About this task => Among the lines below, take the one holding "Zufälliges Bild aus Austrial Cape", the one holding "原创大气简洁人名介绍字幕条", and all lines between them. Set them down exactly.

Records shown =>
- - - - - - -
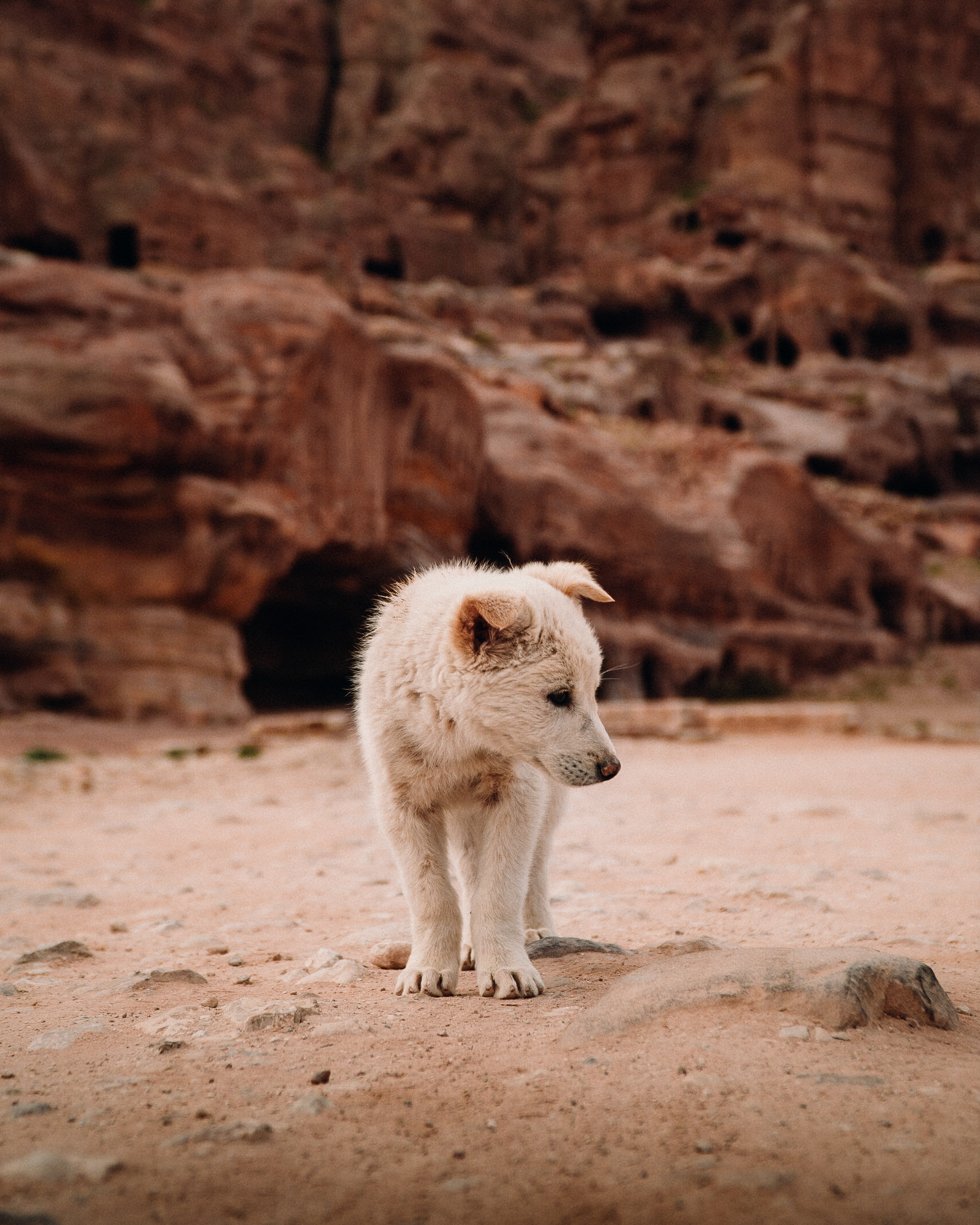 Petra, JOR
- - - - - - -
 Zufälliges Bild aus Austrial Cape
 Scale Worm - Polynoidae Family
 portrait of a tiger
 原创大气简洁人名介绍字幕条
- - - - - - -
Result of the task =>
 Zufälliges Bild aus Austrial Cape
 Scale Worm - Polynoidae Family
 portrait of a tiger
 原创大气简洁人名介绍字幕条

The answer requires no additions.